Dans cette affaire, une personne, Madame B, était usufruitière d’actions d’une société (SAS A) et par acte sous signature privée déclara, selon les termes employés dans l’acte, faire « abandon à la société (SAS B) … » de l’usufruit, estimé à 982.372 €, qu’elle détenait sur la majorité des titres de la SAS A.
La SAS B était en l’espèce détenue quasi exclusivement par ses enfants.
L’acte ne formulait pas l’accord de la société Techmetta participations.
Pour l’administration fiscale, l’acte d’abandon matérialisait une donation au profit de la SAS B et par conséquent elle lui notifia un redressement très important (578 495 €), somme à laquelle s’ajoutait 180 498 € d’intérêt de retard.

Plusieurs objections de procédures furent formulées par la société bénéficiaire pour faire échec au recouvrement, finalement en vain.
Sur le fond, tant la Cour d’appel de Chambéry que la Cour de cassation constate l’existence d’une donation indirecte taxable à 60 %, compte tenu de l’identité du donataire.
Il ne fait pas de doute que l’abandon d’usufruit peut constituer une donation indirecte ; encore faut-il que les conditions de la condition se trouvent réunies.
Il faut tout d’abord constater une acceptation. En effet, la renonciation à un droit est un acte unilatéral.
Or en l’espèce, celle-ci avait été formalisée par un acte écrit. Cependant, celui-ci, s’il visait effectivement la société nu-propriétaire et la désignait comme le bénéficiaire de l’acte (ce qui était maladroit) ne matérialisait aucune signature de celle-ci.

La donation indirecte étant une libéralité informelle, cette acceptation peut s’exprimer d’une manière tacite, résultant du comportement du nu-propriétaire.
Par exemple, dans une espèce, un contribuable avait renoncé unilatéralement à l’usufruit de titres de société, la nue-propriété de ces titres étant détenue par ses enfants.
Pour la Cour de cassation, la preuve de l’acceptation tacite des donataires résultait de ce que les nus-propriétaires avaient fait figurer ces titres en pleine propriété dans leur déclaration d’impôt de solidarité sur la fortune et avaient encaissé les revenus produits par ces titres (Cass Com, 21 juin 2011 n° 10-20.461).
En l’espèce, pour les juges du fonds et la Cour de cassation, l’acceptation de la société résultait de ce que celle-ci « avait perçu les dividendes lui revenant dès leur mise en distribution ».

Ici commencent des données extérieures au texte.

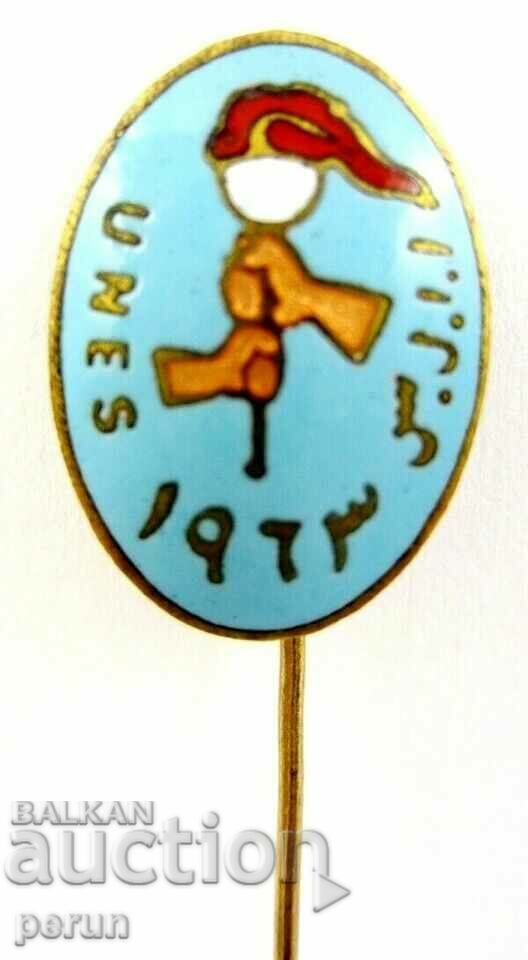 Mișcarea Tinerilor Arabi pentru Pace 1963 UNES-Arab Badge-Em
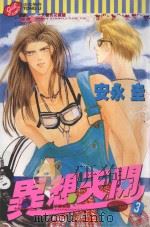 异想天开  3（1999 PDF版）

Cette perception de dividendes établit sans aucun doute la connaissance par la société nue-propriétaire de l’acte d’abandon.
Il reste alors à déterminer si les éléments caractéristiques de la donation se trouvent en l’espèce réunis.
Il faut tout d’abord constater un dépouillement. Pour la Cour d’appel, l’acte constatait bien un dépouillement de la part de l’usufruitière, puisque « l’usufruit n’était pas dépourvu de valeur, et son abandon avait pour conséquence de priver l’auteur de l’acte de son pouvoir de décision dans la gestion de la société ».
Il ne fait pas de doute que l’usufruitier s’est appauvri en renonçant ; La Cour d’appel avait en effet parfaitement établi le dépouillement en relevant à la fois la valeur économique de l’usufruit abandonné et la perte de pouvoirs au sein de la société résultant de cet acte. L’appauvrissement est d’autant moins contestable que le compte de résultat de l’exercice postérieur à la renonciation fit apparaître des produits financiers à hauteur de 310.420 € correspondant aux droits de la SAS B sur les 2822 actions de la SAS A détenues en pleine propriété à la suite de l’abandon d’usufruit.
La difficulté tenait évidemment à l’intention libérale.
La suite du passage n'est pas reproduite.